__EXTRACTED RECORDS__
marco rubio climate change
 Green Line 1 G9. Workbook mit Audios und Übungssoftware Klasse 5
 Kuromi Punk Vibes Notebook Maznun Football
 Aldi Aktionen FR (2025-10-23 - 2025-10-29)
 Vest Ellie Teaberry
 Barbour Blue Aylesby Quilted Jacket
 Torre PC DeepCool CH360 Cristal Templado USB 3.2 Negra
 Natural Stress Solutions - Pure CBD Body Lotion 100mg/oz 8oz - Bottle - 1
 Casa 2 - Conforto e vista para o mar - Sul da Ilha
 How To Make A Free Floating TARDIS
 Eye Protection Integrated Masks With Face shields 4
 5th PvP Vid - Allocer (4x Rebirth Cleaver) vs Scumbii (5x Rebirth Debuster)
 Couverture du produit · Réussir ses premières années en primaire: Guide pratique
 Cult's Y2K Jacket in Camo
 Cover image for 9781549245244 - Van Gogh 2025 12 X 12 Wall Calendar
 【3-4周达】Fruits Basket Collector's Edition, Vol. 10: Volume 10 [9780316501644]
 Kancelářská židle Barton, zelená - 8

__WHAT NEEDS TO BE DONE__
In the material above, find every line that has the string "Jacket" and pull those lines out.

__REPLY__
 Barbour Blue Aylesby Quilted Jacket
 Cult's Y2K Jacket in Camo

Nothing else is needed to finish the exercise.